The advantages of Cross Laminated Timber include a lower manufacturing carbon footprint, the associated benefits of off-site prefabrication, reduced construction times and less overall waste. Due to their construction technique, Cross Laminated Timber built structures are also thought to be more earthquake resistant.
9. Sensitive Tiles
When we talk about innovative building materials, it is not necessarily always about seeking beneficial physical properties or sustainability attributes, it can sometimes just be about delivering on aesthetics, which is where products such as what’s known as “Sensi-Tiles” come into play.
These tiles are action-sensitive tiles made with acrylic fibre that reacts to movement, touch, sound or light sources. The optical fibres within the tile “respond” to external stimuli, causing the tiles to light up with various colours on their surface with added effects such as flashing on and off, colour changes etc also possible. Decorating with these types of tiles offers a wealth of new opportunities for responsive design both within architecture and interior design.
10. Flexible Concrete
Flexibility is not a characteristic that tends to be commonly associated with concrete. However, scientists have developed a new concrete product with up to three times the bendability and strength of traditional concrete.
Thanks to the addition of specially developed additives and polymer microfibers that help better distribute the load, this new concrete is as strong as metal when it comes to bending movements which traditionally would result in cracking and breaking. In an industry where concrete is one of the core building materials it is easy to see why advances in its usability could represent significant opportunities for positive change.
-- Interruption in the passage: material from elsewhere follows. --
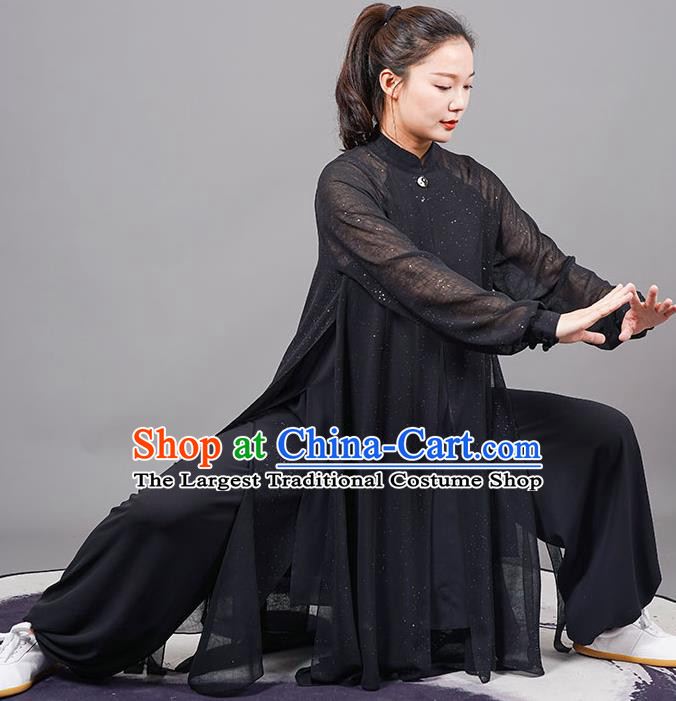 China Martial Arts Competition Wushu Outfits Tai Ji Performance Costumes Tai Chi Training Black Uniforms Kung Fu Clothing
11. Carbon Absorbing Bio-Plastics
Carbon-absorbing bio-plastics are another interesting area of development in the construction arena. These special non-toxic recycled bioplastics go beyond the characteristics of regular bio-plastics and are made of ‘biochar’ from organic forest and agricultural waste and are able to actually absorb/capture carbon from the surrounding atmosphere.
Biochar could be used in cladding, facades, furniture, and a multitude of other applications such as additives to bricks and concrete. Plus, and perhaps most importantly, it remains stable without releasing the carbon it has absorbed for thousands of years!
12. Invisible Photovoltaic (Solar Power) Cells
Solar energy panels for renewable energy generation have been around for a long time now, but not everyone wants to mount the associated (and cumbersome) solar panels on their roof. That’s where these invisible photovoltaic cells are able to make all the difference!
Researchers have developed a way to seamlessly blend transparent solar power-generating cells into windows, doors and other materials allowing for entire buildings to effectively become giant solar panels continually producing renewable energy.
The integration of advanced construction materials in architecture continues to evolve, with architects and engineers tasked with incorporating these advancements, moving beyond the traditional constraints, and reinventing standards within the industry. By embracing these technologically advanced materials, architects have the opportunity to create modern-day structures that not only visually challenge the current-day norms but represent new challenges for future generations.